▶ _Task instructions_: Please reproduce the following records exactly as they appear.

▶ _Short web captions_:
↓

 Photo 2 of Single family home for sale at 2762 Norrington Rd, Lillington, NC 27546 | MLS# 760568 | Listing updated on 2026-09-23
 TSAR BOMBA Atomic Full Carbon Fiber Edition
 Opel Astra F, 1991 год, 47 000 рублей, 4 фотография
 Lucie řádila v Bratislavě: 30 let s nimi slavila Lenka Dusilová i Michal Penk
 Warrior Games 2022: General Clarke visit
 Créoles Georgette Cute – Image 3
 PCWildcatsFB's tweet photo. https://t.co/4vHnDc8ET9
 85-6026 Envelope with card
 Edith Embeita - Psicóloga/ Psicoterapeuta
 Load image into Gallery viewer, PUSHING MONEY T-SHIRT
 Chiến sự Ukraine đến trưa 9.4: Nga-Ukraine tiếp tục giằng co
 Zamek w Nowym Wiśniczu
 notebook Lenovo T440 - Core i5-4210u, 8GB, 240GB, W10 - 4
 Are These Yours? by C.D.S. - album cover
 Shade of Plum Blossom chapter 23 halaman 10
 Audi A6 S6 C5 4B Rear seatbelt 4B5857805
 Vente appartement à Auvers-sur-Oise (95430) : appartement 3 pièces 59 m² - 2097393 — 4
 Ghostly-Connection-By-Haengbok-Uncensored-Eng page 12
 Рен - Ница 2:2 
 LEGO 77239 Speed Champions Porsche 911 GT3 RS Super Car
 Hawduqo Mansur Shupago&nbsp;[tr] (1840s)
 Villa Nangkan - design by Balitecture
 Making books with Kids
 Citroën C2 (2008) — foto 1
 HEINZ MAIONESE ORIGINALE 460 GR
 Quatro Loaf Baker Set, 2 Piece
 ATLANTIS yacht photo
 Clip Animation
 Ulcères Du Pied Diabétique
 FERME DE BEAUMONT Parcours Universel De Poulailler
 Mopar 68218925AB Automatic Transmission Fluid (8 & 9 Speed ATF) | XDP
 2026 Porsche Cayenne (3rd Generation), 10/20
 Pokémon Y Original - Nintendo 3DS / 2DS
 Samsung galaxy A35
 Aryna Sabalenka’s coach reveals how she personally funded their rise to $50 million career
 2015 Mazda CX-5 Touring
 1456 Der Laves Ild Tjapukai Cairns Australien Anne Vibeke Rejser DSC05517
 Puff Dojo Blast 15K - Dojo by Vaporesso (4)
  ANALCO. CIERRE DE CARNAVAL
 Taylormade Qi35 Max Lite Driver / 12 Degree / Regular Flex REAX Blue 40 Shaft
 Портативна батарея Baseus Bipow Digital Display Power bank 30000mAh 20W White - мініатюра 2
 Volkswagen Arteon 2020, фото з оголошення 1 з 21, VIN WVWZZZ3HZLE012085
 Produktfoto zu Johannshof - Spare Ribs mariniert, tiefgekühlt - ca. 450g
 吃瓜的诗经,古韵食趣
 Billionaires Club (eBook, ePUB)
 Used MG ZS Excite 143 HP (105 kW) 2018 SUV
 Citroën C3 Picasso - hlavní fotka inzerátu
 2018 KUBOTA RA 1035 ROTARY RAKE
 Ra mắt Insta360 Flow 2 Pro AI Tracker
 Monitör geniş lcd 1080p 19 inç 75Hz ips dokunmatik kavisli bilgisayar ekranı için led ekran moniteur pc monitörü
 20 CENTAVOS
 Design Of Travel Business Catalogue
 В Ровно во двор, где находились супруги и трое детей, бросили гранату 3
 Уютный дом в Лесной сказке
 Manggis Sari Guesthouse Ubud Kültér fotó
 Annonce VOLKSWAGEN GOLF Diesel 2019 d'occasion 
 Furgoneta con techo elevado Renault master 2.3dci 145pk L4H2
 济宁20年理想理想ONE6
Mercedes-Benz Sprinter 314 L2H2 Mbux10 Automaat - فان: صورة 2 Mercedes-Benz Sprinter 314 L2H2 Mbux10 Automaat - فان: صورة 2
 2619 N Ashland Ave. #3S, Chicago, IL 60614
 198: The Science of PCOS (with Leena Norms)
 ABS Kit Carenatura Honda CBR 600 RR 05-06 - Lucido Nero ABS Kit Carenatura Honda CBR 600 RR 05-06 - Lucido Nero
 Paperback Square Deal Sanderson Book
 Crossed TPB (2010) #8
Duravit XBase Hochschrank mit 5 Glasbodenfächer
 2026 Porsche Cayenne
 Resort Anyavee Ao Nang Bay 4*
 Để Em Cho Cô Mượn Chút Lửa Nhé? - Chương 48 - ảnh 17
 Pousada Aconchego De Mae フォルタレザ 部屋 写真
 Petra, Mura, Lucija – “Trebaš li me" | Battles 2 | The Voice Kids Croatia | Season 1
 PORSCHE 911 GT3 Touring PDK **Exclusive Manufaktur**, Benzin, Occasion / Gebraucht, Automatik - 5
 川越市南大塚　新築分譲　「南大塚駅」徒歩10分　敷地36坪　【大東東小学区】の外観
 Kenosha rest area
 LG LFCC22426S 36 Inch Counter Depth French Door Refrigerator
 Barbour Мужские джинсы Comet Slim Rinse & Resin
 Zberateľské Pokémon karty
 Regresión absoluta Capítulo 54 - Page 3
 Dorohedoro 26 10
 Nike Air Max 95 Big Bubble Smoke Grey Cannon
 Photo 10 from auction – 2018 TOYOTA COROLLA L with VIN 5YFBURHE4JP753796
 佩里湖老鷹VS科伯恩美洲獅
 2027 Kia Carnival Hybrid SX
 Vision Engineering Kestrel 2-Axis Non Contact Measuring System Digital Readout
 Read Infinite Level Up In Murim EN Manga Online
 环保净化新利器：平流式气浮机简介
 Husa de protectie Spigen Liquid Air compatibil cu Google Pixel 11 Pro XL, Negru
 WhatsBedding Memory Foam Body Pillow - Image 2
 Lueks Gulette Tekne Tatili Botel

↑

▶ _Response_:
 Photo 2 of Single family home for sale at 2762 Norrington Rd, Lillington, NC 27546 | MLS# 760568 | Listing updated on 2026-09-23
 TSAR BOMBA Atomic Full Carbon Fiber Edition
 Opel Astra F, 1991 год, 47 000 рублей, 4 фотография
 Lucie řádila v Bratislavě: 30 let s nimi slavila Lenka Dusilová i Michal Penk
 Warrior Games 2022: General Clarke visit
 Créoles Georgette Cute – Image 3
 PCWildcatsFB's tweet photo. https://t.co/4vHnDc8ET9
 85-6026 Envelope with card
 Edith Embeita - Psicóloga/ Psicoterapeuta
 Load image into Gallery viewer, PUSHING MONEY T-SHIRT
 Chiến sự Ukraine đến trưa 9.4: Nga-Ukraine tiếp tục giằng co
 Zamek w Nowym Wiśniczu
 notebook Lenovo T440 - Core i5-4210u, 8GB, 240GB, W10 - 4
 Are These Yours? by C.D.S. - album cover
 Shade of Plum Blossom chapter 23 halaman 10
 Audi A6 S6 C5 4B Rear seatbelt 4B5857805
 Vente appartement à Auvers-sur-Oise (95430) : appartement 3 pièces 59 m² - 2097393 — 4
 Ghostly-Connection-By-Haengbok-Uncensored-Eng page 12
 Рен - Ница 2:2 
 LEGO 77239 Speed Champions Porsche 911 GT3 RS Super Car
 Hawduqo Mansur Shupago&nbsp;[tr] (1840s)
 Villa Nangkan - design by Balitecture
 Making books with Kids
 Citroën C2 (2008) — foto 1
 HEINZ MAIONESE ORIGINALE 460 GR
 Quatro Loaf Baker Set, 2 Piece
 ATLANTIS yacht photo
 Clip Animation
 Ulcères Du Pied Diabétique
 FERME DE BEAUMONT Parcours Universel De Poulailler
 Mopar 68218925AB Automatic Transmission Fluid (8 & 9 Speed ATF) | XDP
 2026 Porsche Cayenne (3rd Generation), 10/20
 Pokémon Y Original - Nintendo 3DS / 2DS
 Samsung galaxy A35
 Aryna Sabalenka’s coach reveals how she personally funded their rise to $50 million career
 2015 Mazda CX-5 Touring
 1456 Der Laves Ild Tjapukai Cairns Australien Anne Vibeke Rejser DSC05517
 Puff Dojo Blast 15K - Dojo by Vaporesso (4)
  ANALCO. CIERRE DE CARNAVAL
 Taylormade Qi35 Max Lite Driver / 12 Degree / Regular Flex REAX Blue 40 Shaft
 Портативна батарея Baseus Bipow Digital Display Power bank 30000mAh 20W White - мініатюра 2
 Volkswagen Arteon 2020, фото з оголошення 1 з 21, VIN WVWZZZ3HZLE012085
 Produktfoto zu Johannshof - Spare Ribs mariniert, tiefgekühlt - ca. 450g
 吃瓜的诗经,古韵食趣
 Billionaires Club (eBook, ePUB)
 Used MG ZS Excite 143 HP (105 kW) 2018 SUV
 Citroën C3 Picasso - hlavní fotka inzerátu
 2018 KUBOTA RA 1035 ROTARY RAKE
 Ra mắt Insta360 Flow 2 Pro AI Tracker
 Monitör geniş lcd 1080p 19 inç 75Hz ips dokunmatik kavisli bilgisayar ekranı için led ekran moniteur pc monitörü
 20 CENTAVOS
 Design Of Travel Business Catalogue
 В Ровно во двор, где находились супруги и трое детей, бросили гранату 3
 Уютный дом в Лесной сказке
 Manggis Sari Guesthouse Ubud Kültér fotó
 Annonce VOLKSWAGEN GOLF Diesel 2019 d'occasion 
 Furgoneta con techo elevado Renault master 2.3dci 145pk L4H2
 济宁20年理想理想ONE6
Mercedes-Benz Sprinter 314 L2H2 Mbux10 Automaat - فان: صورة 2 Mercedes-Benz Sprinter 314 L2H2 Mbux10 Automaat - فان: صورة 2
 2619 N Ashland Ave. #3S, Chicago, IL 60614
 198: The Science of PCOS (with Leena Norms)
 ABS Kit Carenatura Honda CBR 600 RR 05-06 - Lucido Nero ABS Kit Carenatura Honda CBR 600 RR 05-06 - Lucido Nero
 Paperback Square Deal Sanderson Book
 Crossed TPB (2010) #8
Duravit XBase Hochschrank mit 5 Glasbodenfächer
 2026 Porsche Cayenne
 Resort Anyavee Ao Nang Bay 4*
 Để Em Cho Cô Mượn Chút Lửa Nhé? - Chương 48 - ảnh 17
 Pousada Aconchego De Mae フォルタレザ 部屋 写真
 Petra, Mura, Lucija – “Trebaš li me" | Battles 2 | The Voice Kids Croatia | Season 1
 PORSCHE 911 GT3 Touring PDK **Exclusive Manufaktur**, Benzin, Occasion / Gebraucht, Automatik - 5
 川越市南大塚　新築分譲　「南大塚駅」徒歩10分　敷地36坪　【大東東小学区】の外観
 Kenosha rest area
 LG LFCC22426S 36 Inch Counter Depth French Door Refrigerator
 Barbour Мужские джинсы Comet Slim Rinse & Resin
 Zberateľské Pokémon karty
 Regresión absoluta Capítulo 54 - Page 3
 Dorohedoro 26 10
 Nike Air Max 95 Big Bubble Smoke Grey Cannon
 Photo 10 from auction – 2018 TOYOTA COROLLA L with VIN 5YFBURHE4JP753796
 佩里湖老鷹VS科伯恩美洲獅
 2027 Kia Carnival Hybrid SX
 Vision Engineering Kestrel 2-Axis Non Contact Measuring System Digital Readout
 Read Infinite Level Up In Murim EN Manga Online
 环保净化新利器：平流式气浮机简介
 Husa de protectie Spigen Liquid Air compatibil cu Google Pixel 11 Pro XL, Negru
 WhatsBedding Memory Foam Body Pillow - Image 2
 Lueks Gulette Tekne Tatili Botel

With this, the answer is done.